The gap between train and test metrics indicates moderate overfitting — typical for ensemble tree methods on small datasets. Random Forest shows slightly better than GBM here.

Actual vs Predicted

Code
pred_df <- tibble(
  Actual         = y_test,
  `Random Forest` = rf_pred_test,
  GBM             = gbm_pred_test
) |> pivot_longer(-Actual, names_to = "Model", values_to = "Predicted")

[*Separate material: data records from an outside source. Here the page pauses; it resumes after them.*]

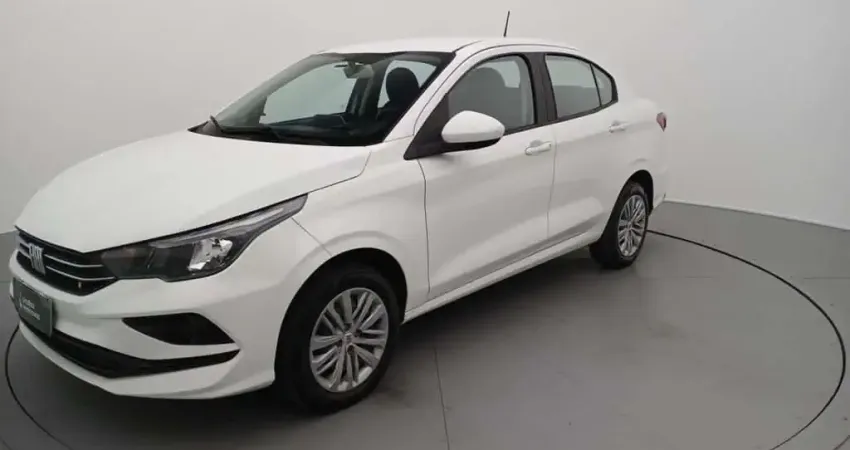 Fiat Cronos 2024 1.3 firefly flex drive manual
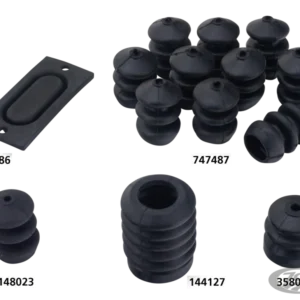 10pck rubber boot master cylinder Harley-Davidson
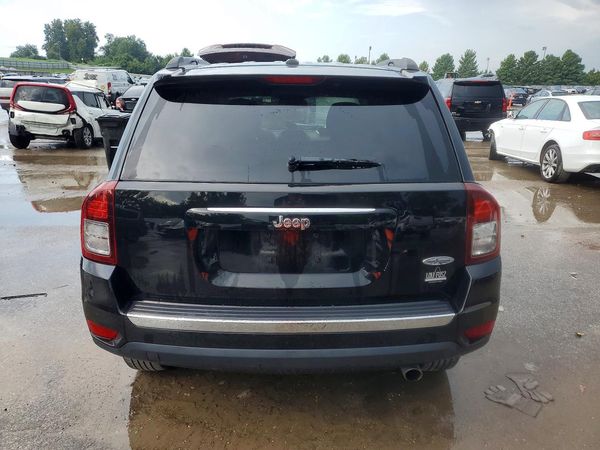 2017 JEEP COMPASS Latitude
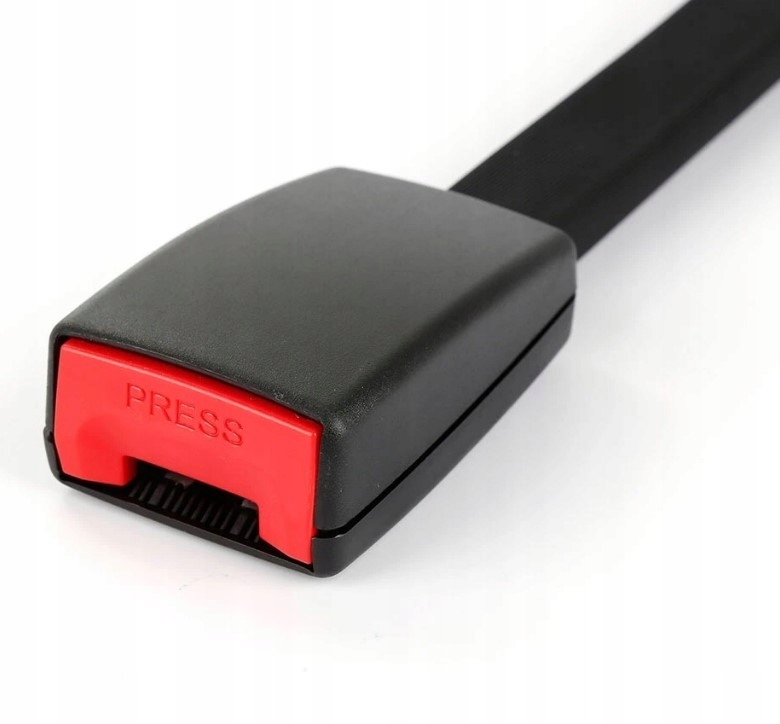 ZAPINKA DŁUGA PRZEDŁUŻKA PASA BEZPIECZEŃSTWA ZAŚLEPKA ADAPTER SZTYWNY 25cm EAN (GTIN) 6919939003850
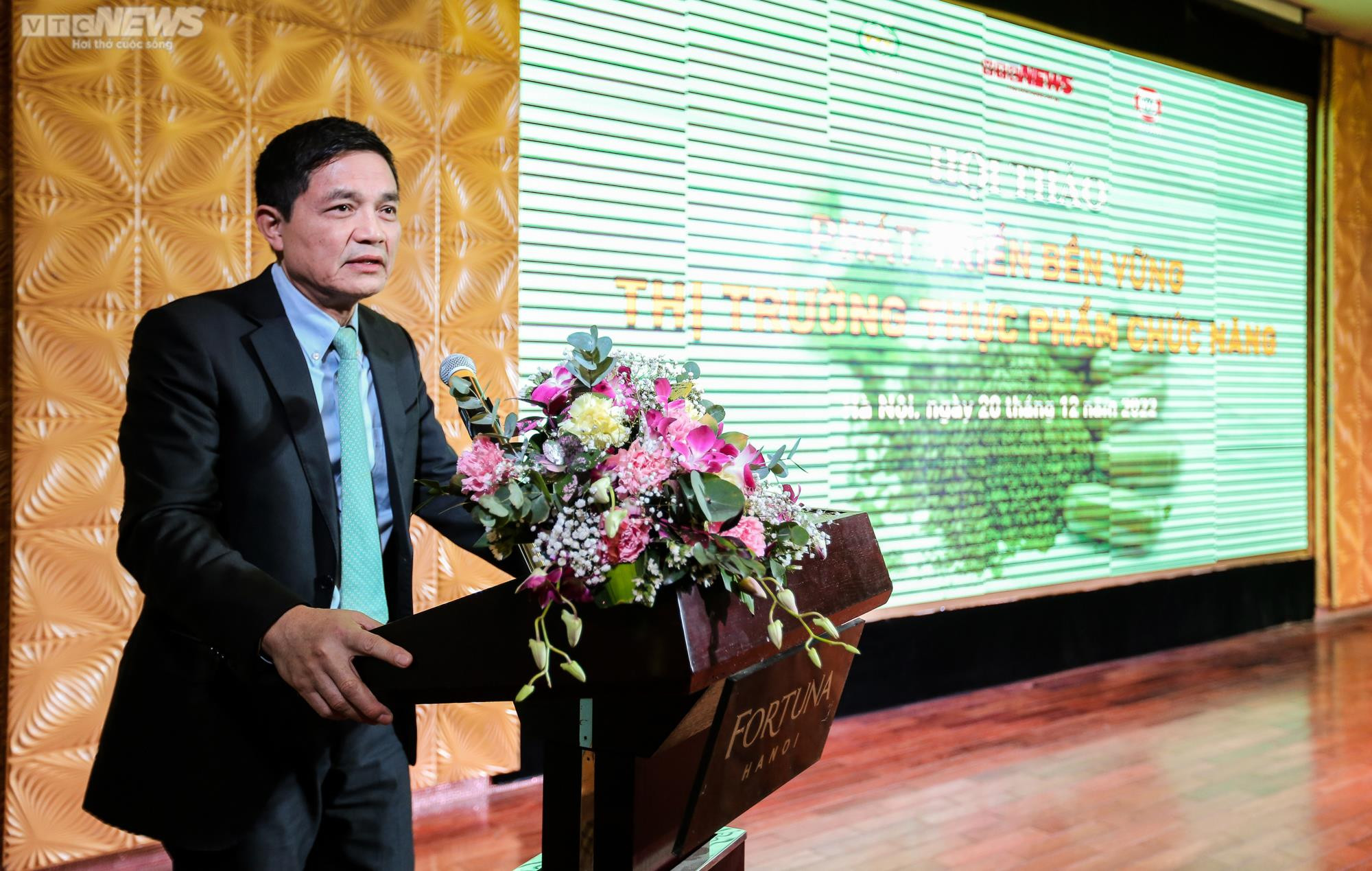 Toàn cảnh Hội thảo 'Phát triển bền vững thị trường thực phẩm chức năng' - 13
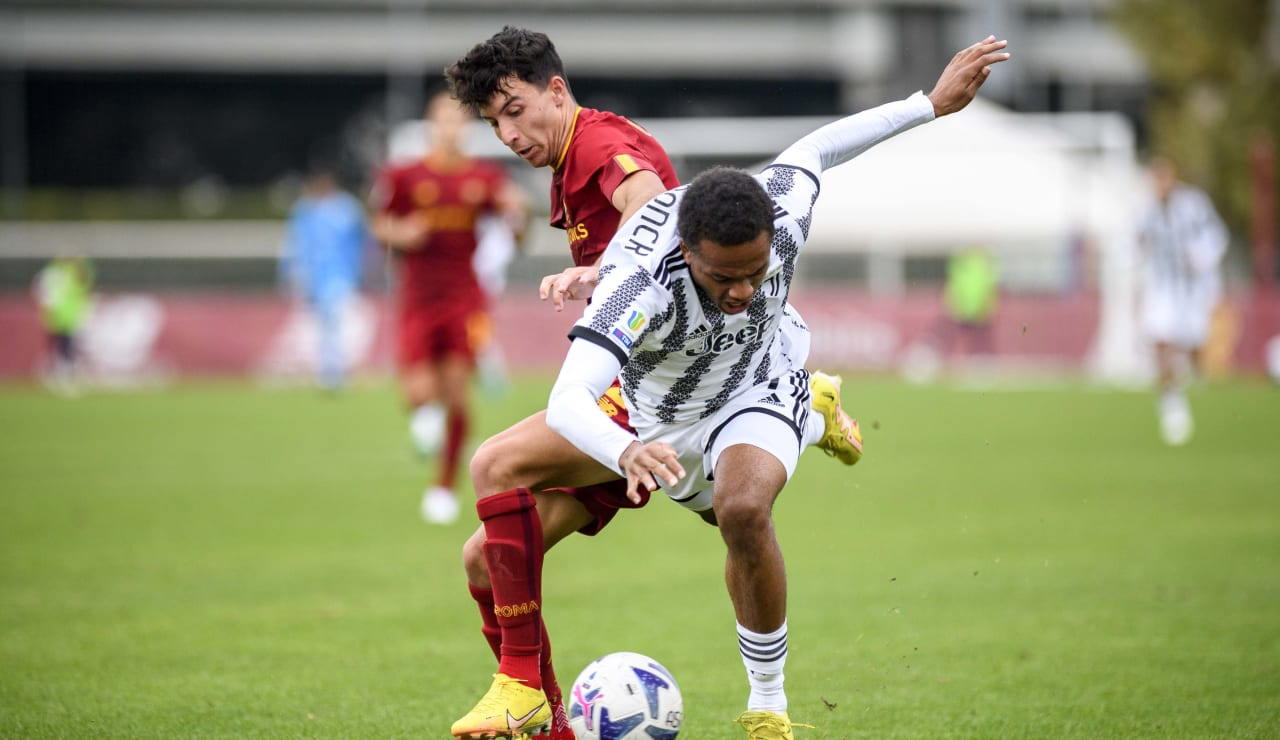 roma vs juventus under 19 26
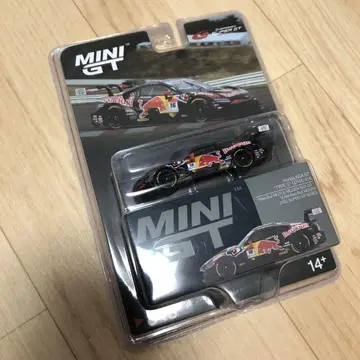 MINI GT 848 혼다 AUTOBACS SUPER GT 1/64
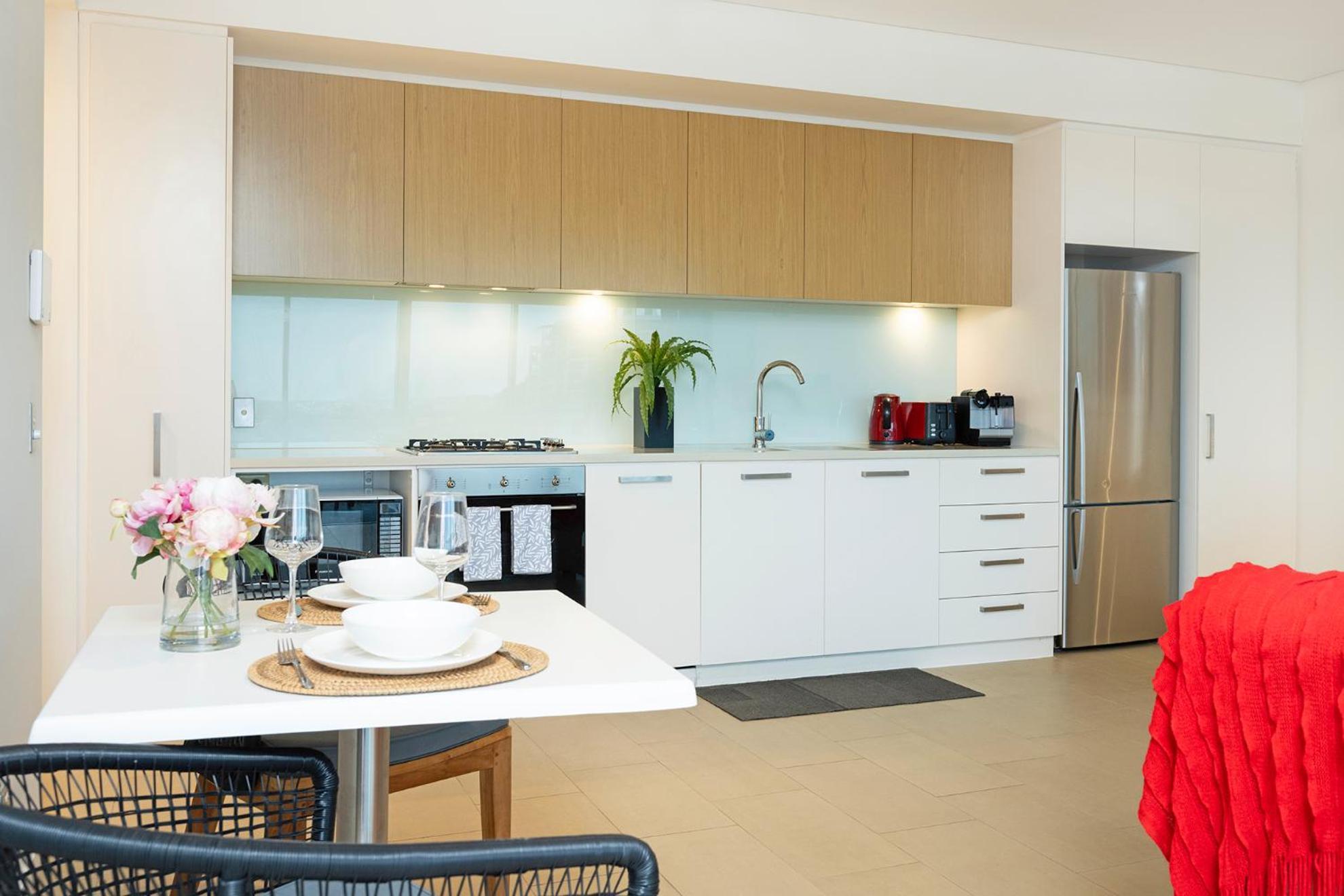 Darwin Waterfront Luxury Suites Buitenkant foto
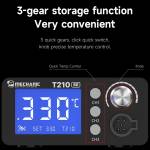 mechanic t210-se-high-power-digital-display-thermostatic-soldering-station-with-auto-sleep-4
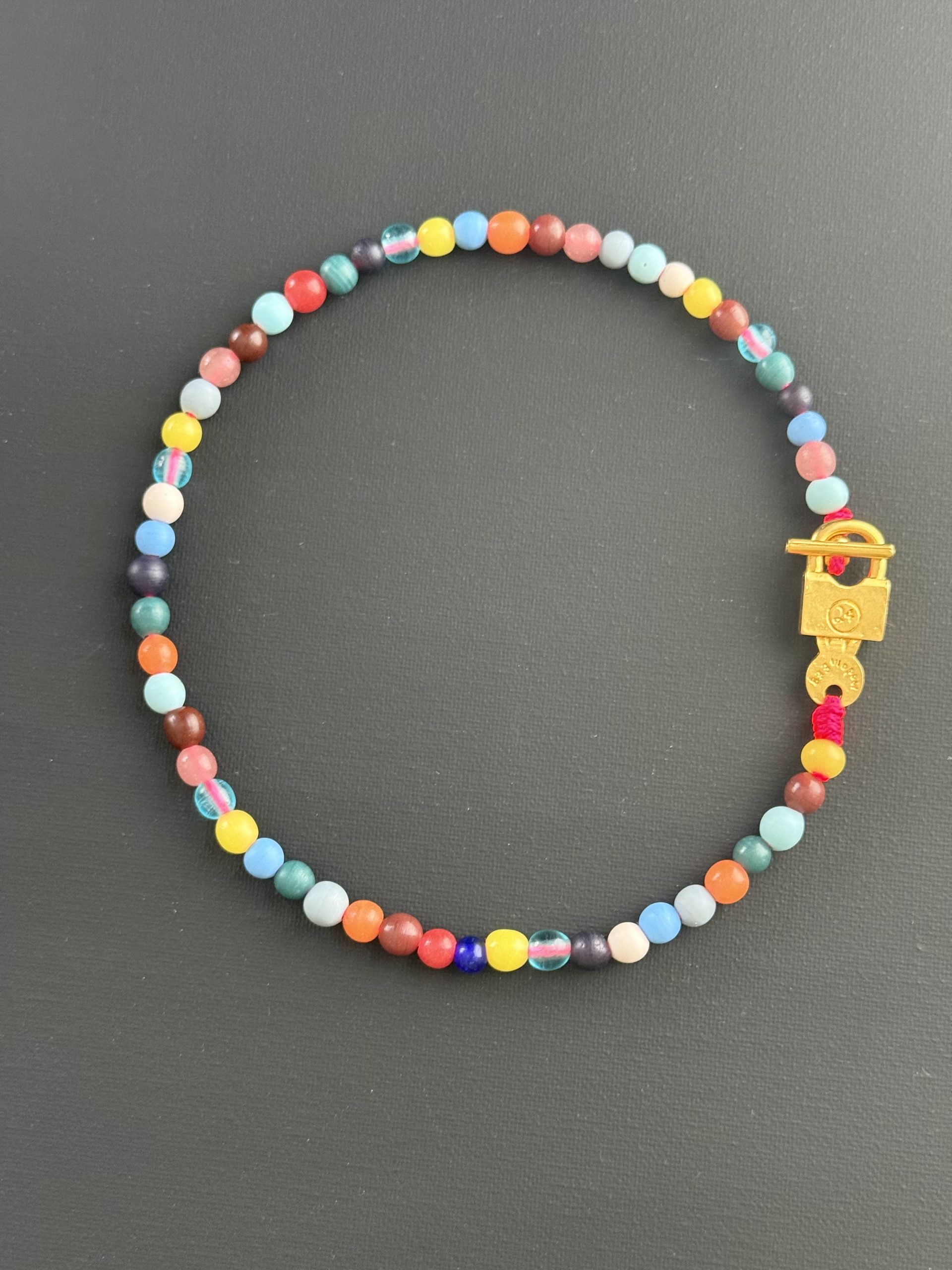 Rainbow Choker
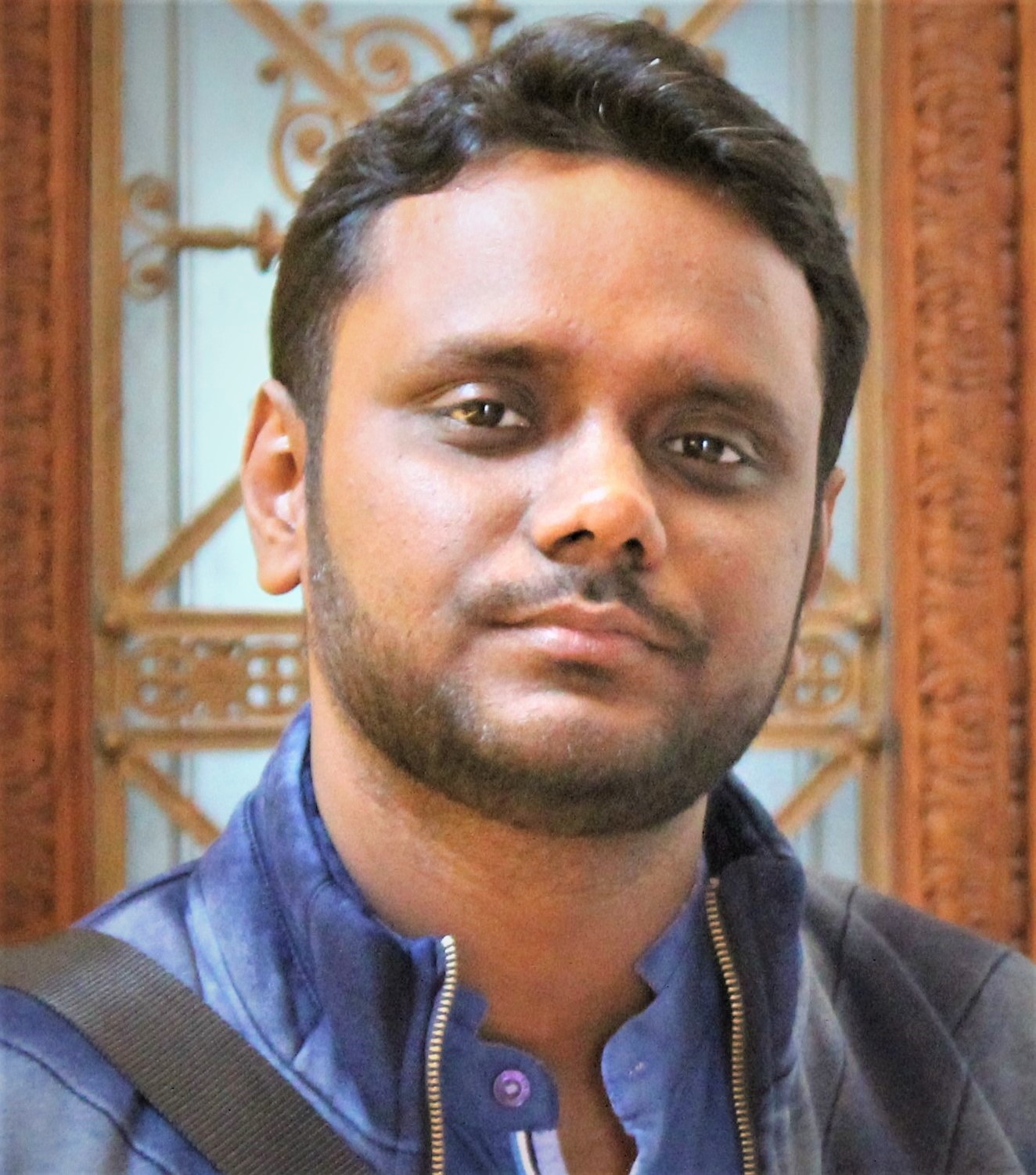 Dr. Gourab Sil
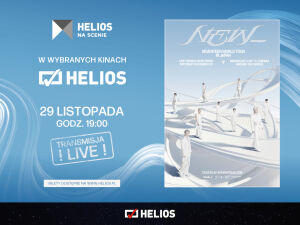  SEVENTEEN WORLD TOUR [NEW_] IN JAPAN: LIVE VIEWING w Helios na Scenie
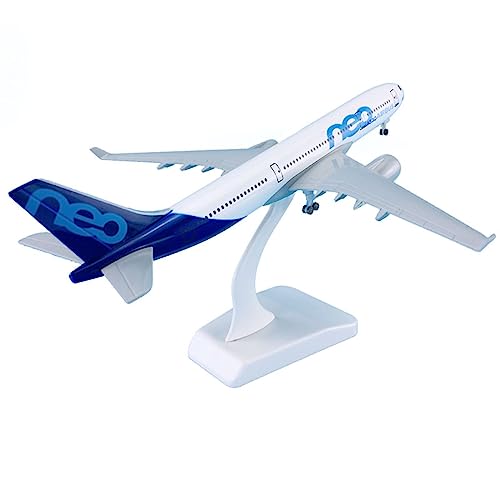 1:300 20 cm mit Rädern Flugzeugmodell Flugzeuge Legierung Druckguss Airbus A330 Statisches Spielkits 1:300 20 cm mit Rädern Flugzeugmodell Flugzeuge Legierung Druckguss Airbus A330 Statisches Spielkits von SYOEUR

ggplot(pred_df, aes(Actual, Predicted, colour = Model)) +
  geom_point(alpha = .45, size = 1.8) +
  geom_abline(linetype = "dashed", colour = "grey30") +
  facet_wrap(~ Model) +
  scale_colour_manual(
    values = c("Random Forest" = "#4C72B0", "GBM" = "#DD8452")) +
  labs(title    = "Actual vs Predicted Productivity — Test Set",
       subtitle = "Points on the dashed line indicate perfect prediction",
       x = "Actual", y = "Predicted") +
  theme_minimal(base_size = 13) +
  theme(legend.position = "none")

Both models track well through the 0.5–0.9 range where most observations shows.

Metrics Comparison

Code
test_metrics |>
  pivot_longer(c(RMSE, MAE, R2), names_to = "Metric", values_to = "Value") |>
  ggplot(aes(Model, Value, fill = Model)) +
  geom_col(width = .55, alpha = .85) +
  geom_text(aes(label = round(Value, 4)), vjust = -.4, size = 4) +
  facet_wrap(~ Metric, scales = "free_y") +
  scale_fill_manual(
    values = c("Random Forest" = "#4C72B0", "GBM" = "#DD8452")) +
  labs(title = "Evaluation Metrics — Test Set Comparison",
       x = NULL, y = NULL) +
  theme_minimal(base_size = 13) +
  theme(legend.position = "none")

Cross-Validation RMSE

Code
cv_rf <- rf_model$results |>
  filter(mtry == rf_model$bestTune$mtry) |>
  mutate(Model = "Random Forest") |>
  select(Model, RMSE, RMSESD)

cv_gbm <- gbm_model$results |>
  semi_join(gbm_model$bestTune,
            by = c("n.trees", "interaction.depth",
                   "shrinkage", "n.minobsinnode")) |>
  mutate(Model = "GBM") |>
  select(Model, RMSE, RMSESD)

bind_rows(cv_rf, cv_gbm) |>
  ggplot(aes(Model, RMSE, fill = Model)) +
  geom_col(width = .45, alpha = .85) +
  geom_errorbar(aes(ymin = RMSE - RMSESD, ymax = RMSE + RMSESD),
                width = .15, linewidth = 1) +
  geom_text(aes(label = round(RMSE, 5)), vjust = -2.5, size = 4.2) +
  scale_fill_manual(
    values = c("Random Forest" = "#4C72B0", "GBM" = "#DD8452")) +
  labs(title    = "5-Fold Cross-Validation RMSE (Best Hyperparameters)",
       subtitle = "Error bars = ± 1 SD across folds",
       x = NULL, y = "CV RMSE") +
  theme_minimal(base_size = 13) +
  theme(legend.position = "none")

Smaller error bars indicate more stable generalisation across the 5 folds. The CV RMSE closely matches the held-out test RMSE — confirming no overfitting from the hyperparameter search.

Code
imp_fn <- function(m, label, clr, top = 12) {
  varImp(m)$importance |>
    rownames_to_column("Feature") |>
    arrange(desc(Overall)) |>
    head(top) |>
    ggplot(aes(reorder(Feature, Overall), Overall)) +
    geom_col(fill = clr, alpha = .85) +
    coord_flip() +
    labs(title = label, x = NULL, y = "Importance") +
    theme_minimal(base_size = 10)
}

imp_fn(rf_model,  "Random Forest", "#4C72B0") +
imp_fn(gbm_model, "GBM",           "#DD8452") +
  plot_annotation(
    title = "Feature Importance — Top 12 Predictors",
    theme = theme(plot.title = element_text(size = 14, face = "bold"))
  )


Conclusion

Code
kable(test_metrics, digits = 5,
      caption = "Final Test-Set Performance Summary",
      col.names = c("Model", "Set", "RMSE", "MAE", "R²"))
Final Test-Set Performance Summary
Model Set RMSE MAE
Random Forest Test 0.10268 0.06551 0.61602
GBM Test 0.10834 0.07388 0.57261

Both models explain approximately 57–62% of the variance in worker productivity which is a somewhat good result.Beased on the findings, Some factors have affect actual productivity. Knowing those finding can provide management a clear actionalbe solution to boost productivity such as smv, no_of_workers, incentive_per_worker, etc.